その当時、何度も何度も見返して、それからほぼドキュメント「アトランティス(1991)」にどっぷり浸かった。
その頃僕は20代前半、海への憧れが強過ぎて、とうとう海水魚の飼育にまで至っていた。
180cmオーバーフロー水槽を特注し、海を部屋に再現しようと躍起になった。
そうしたら監督は、「ニキータ(1990)」「レオン(1994)」と急に方向転回した。
え!? 海はどうなったの、もうどうでもいいの??
もちろん2作とも、美意識全開のカッコいい映画なので、特にジャン・レノを押し上げたとは思う。
彼は"グラン・ブルー"でも異彩を放っていたし、当然そうなることにはなっていた。
しかしその後、ハリウッド化したベッソン監督(およびジャン・レノ)を追う気にはならず放置した。
どうして変なアクション系ばかり撮るのか解せなかったけど、そりゃあ大きなお世話ってもんだ。
そうしたかっただけなんだろうよ、そりゃあそーだ。
大作が多かったので、こういった小粒な作品は久しぶりなんじゃないのか。
ん? 大作、いやこれは犬作です。

イヌてなんか、なんていうんだろ、従順すぎて気持ち悪い。
オオカミが家畜化されイヌというのは、
イノシシがブタになったようなもので、人間の下僕となった。
もちろん彼らが望んでそうなったワケでもないし、愛玩動物では一番可愛いのかも知れない。
ネコなんかより、とても生真面目で、従わせ易い種だろう。
どっちやねん。
別に彼らを非難してるワケじゃないし、なにしろ僕はイヌも大好きだ。
僕らの友達たる種は、イヌ科である。
家畜とは呼んでほしくない。
「マッドマックス2」のドッグ、「河童のクゥと夏休み」のイヌ、
極め付けは、イヌのために暴れまくる「ジョン・ウィック」でトドメだろう。
とにかく主人公が気を許す相手はイヌである。
頑なにヒトとの干渉を避けた場合、気を許す相手はだいたい植物かイヌに落ち着くんだ。

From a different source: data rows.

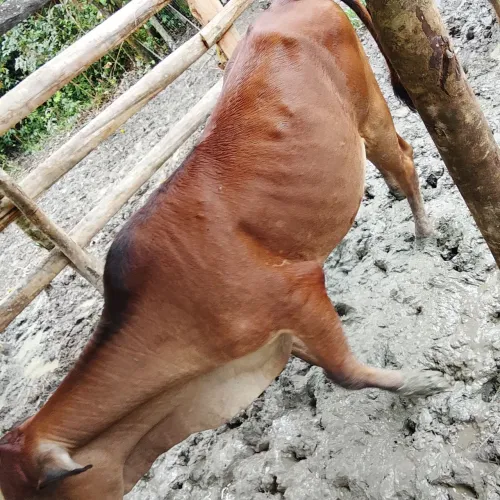 Vendo bezerra chique
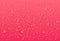Realistic transparent water drops. Pure condensed droplets on bright pink background. Wet surface and clear liquid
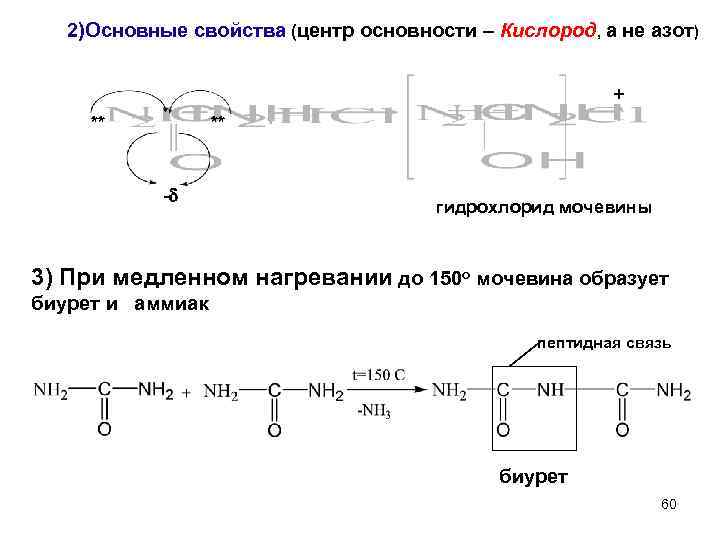 2)Основные свойства (центр основности – Кислород, а не азот) + ** ** - гидрохлорид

(断言)
「ぼくの犬クロ」という本を小学生の頃読んで、号泣した。(思ひ出)
イヌを迫害するヤツは、同じような目に合わせ、殺さず生煮のまま生涯苦しみ続けるがいい。(呪詛)

さて本編、コーエン兄弟「ノーカントリー(2007)」デビュー、「ゲット・アウト(2017)」
最近では『ニトラム/NITRAM(2021)』と少し変種を演じるケイレブさん主演。
大人になってからの語りでスタートするところは、実話なのかと思わせる。
父親と兄から虐待を受け、イヌ小屋に監禁されるという異常事態の少年期、
ステージで女装姿でシャンソンを歌い生計を立てるが、その裏で、イヌ帝国を築く。
イヌたちが自主的に彼を王様にしているかのような従順ぶりが、尋常ではない。
大雑把にいえば、そういったイヌ推し映画。
たくさんの犬が出てくるので、「101匹わんちゃん」ダークサイドだ。
奇妙な感覚を楽しむ系で、なんなんだこいつという違和感を少年期まで遡って、開示していく。

トム・ハーディ主演『ブロンソン』
そこにホアキン・フェニックス「ジョーカー」を混ぜた感じなのかな。

宗教的な終わり方が少し意味不明だった。
ベッソン監督、きっと深い意味があるに違いないが、浅はかな僕には思慮が足りないようです。